Local mode operation:-Dspark.master=local

10. Resolve Task not serializable Exception errors

Method 1: write all the data in RDD to the database through a JDBC connection. If you use the map function, you may have to create a connection for each element, which is very expensive. If you use mapPartitions, you only need to establish connection;mapPartitions for each partition and return Iterator.

Method 2: add @ transisent reference to the unserialized object, and do not serialize the properties in the object during network communication

11. This function is normal when func ("11") is called, but it will report an error of error: type mismatch when executing func (11) or func (1.1). This problem is easy to solve.

It is not difficult to overload multiple func functions for specific parameter types, as in traditional JAVA, but multiple functions need to be defined.

It is troublesome to use hypertypes, such as using AnyVal,Any;, and type conversion needs to be done in the function for specific logic, so as to further deal with the above two methods using traditional JAVA ideas, although both can solve this problem, but the disadvantage is not concise enough; in Scala, which is full of grammatical sugar, it provides the unique function of implicit conversion of implicit for type conversion.

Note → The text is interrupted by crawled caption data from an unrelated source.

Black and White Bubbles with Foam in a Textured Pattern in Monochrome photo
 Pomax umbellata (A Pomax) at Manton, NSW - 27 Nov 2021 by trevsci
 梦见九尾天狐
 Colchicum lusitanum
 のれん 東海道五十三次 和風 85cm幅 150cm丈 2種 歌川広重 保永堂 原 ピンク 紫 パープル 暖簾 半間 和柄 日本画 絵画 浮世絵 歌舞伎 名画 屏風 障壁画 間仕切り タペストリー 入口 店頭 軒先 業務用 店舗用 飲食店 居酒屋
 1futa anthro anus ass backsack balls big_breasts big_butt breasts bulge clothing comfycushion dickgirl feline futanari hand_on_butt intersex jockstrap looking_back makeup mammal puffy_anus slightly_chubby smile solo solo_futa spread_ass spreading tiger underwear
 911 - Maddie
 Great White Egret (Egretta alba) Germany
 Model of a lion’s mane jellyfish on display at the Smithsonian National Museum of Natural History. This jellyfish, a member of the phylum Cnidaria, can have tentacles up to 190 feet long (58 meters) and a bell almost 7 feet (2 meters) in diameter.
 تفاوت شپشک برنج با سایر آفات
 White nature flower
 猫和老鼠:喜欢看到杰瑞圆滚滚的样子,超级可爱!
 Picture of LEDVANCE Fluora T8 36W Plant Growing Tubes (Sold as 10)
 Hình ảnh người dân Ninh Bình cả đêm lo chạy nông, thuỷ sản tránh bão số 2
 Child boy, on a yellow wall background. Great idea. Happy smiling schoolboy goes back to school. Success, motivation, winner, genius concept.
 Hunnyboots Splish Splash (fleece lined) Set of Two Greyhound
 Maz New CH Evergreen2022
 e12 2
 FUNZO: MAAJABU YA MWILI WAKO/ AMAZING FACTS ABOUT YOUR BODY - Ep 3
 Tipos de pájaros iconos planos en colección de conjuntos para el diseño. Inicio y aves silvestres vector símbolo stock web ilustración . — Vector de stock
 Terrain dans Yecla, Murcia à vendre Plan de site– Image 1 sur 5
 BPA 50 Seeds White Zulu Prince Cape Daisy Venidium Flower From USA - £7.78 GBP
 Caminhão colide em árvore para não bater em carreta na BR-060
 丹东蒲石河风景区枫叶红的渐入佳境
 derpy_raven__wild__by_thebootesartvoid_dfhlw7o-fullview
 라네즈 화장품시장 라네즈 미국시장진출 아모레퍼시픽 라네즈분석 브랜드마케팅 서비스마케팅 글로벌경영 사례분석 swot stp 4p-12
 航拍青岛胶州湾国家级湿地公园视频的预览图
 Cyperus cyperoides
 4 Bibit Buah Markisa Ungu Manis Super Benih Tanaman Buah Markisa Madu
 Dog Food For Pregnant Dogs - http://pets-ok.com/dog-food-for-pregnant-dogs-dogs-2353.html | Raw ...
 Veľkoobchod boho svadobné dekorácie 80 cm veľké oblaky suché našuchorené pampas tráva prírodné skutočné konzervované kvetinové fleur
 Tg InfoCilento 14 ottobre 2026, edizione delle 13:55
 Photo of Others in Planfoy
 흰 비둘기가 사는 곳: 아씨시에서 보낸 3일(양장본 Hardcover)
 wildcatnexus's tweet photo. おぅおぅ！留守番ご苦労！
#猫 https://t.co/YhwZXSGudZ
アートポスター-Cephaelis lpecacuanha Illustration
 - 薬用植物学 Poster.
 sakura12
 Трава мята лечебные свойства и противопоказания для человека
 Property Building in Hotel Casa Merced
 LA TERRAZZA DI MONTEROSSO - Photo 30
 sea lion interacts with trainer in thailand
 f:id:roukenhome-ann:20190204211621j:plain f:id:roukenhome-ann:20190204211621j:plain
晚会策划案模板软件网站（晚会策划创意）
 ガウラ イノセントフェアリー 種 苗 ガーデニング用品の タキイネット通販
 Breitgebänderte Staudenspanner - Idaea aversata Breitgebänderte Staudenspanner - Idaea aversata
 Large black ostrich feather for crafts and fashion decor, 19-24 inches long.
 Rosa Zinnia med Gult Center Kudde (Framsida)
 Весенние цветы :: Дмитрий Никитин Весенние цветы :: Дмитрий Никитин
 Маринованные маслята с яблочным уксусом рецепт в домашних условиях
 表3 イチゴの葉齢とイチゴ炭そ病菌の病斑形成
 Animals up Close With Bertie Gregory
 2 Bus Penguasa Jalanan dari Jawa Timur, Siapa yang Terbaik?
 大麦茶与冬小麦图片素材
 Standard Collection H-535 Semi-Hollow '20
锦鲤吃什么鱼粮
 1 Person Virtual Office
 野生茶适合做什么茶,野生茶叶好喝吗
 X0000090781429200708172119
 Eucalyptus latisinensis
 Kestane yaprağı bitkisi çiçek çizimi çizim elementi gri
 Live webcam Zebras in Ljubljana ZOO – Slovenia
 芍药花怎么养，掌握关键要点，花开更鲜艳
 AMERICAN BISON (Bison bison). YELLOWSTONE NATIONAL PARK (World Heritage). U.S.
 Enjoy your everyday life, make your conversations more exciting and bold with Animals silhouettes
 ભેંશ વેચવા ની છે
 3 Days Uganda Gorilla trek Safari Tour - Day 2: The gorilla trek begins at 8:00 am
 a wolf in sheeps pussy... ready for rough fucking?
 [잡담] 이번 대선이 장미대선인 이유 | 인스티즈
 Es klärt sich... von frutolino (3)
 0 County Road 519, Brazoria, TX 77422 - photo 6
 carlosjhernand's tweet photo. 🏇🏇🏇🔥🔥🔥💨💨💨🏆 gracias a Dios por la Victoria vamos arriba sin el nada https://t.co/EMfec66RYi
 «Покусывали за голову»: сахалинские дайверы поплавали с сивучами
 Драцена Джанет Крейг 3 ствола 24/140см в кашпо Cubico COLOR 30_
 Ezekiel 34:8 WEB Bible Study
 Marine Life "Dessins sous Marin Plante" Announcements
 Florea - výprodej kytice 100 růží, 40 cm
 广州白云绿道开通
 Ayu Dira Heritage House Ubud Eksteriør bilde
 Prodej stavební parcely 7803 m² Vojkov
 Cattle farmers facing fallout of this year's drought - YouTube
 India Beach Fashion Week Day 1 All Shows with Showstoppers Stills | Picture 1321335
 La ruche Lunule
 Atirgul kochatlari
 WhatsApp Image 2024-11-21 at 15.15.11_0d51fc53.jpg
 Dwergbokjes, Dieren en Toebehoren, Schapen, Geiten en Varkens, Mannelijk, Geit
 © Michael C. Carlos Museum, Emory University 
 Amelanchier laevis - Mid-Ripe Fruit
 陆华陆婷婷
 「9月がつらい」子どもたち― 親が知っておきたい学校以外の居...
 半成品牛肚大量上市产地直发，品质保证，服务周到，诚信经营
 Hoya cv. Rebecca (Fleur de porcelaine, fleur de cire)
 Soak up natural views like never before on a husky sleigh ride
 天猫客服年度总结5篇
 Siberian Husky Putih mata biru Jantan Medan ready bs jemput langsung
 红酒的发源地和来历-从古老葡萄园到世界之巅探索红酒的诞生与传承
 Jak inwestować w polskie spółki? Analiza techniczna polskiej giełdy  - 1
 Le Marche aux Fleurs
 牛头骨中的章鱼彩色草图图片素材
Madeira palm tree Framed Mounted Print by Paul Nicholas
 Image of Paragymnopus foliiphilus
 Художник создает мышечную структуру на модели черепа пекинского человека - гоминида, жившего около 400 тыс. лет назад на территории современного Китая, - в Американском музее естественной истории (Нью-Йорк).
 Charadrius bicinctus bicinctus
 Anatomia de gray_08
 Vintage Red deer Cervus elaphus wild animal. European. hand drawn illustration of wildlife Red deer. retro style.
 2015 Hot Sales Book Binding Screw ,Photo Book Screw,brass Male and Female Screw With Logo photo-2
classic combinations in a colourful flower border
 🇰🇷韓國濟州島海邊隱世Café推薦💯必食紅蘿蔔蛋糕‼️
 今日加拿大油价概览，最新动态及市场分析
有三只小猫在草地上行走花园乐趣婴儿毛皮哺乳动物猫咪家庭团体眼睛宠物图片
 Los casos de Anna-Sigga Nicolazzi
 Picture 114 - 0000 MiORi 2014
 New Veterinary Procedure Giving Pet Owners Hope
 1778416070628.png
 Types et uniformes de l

12 、 org.apache.spark.shuffle.MetadataFetchFailedException: Missing an output location for shuffle

Solution: this problem usually occurs when there is a large number of shuffle operations, and the task keeps failed and then executes it again and again, until the application fails. Generally, if you encounter this problem, you can increase the executor memory and increase the cpu of each executor at the same time, so that the parallelism of task will not be reduced.

13. Spark ML PipeLine GBT/RF predicted that the Times was wrong, java.util.NoSuchElementException: key not found: 8.0

Cause of error: due to inconsistent column names of input setFeaturesCol,setLabelCol parameters in the GBT/RF model.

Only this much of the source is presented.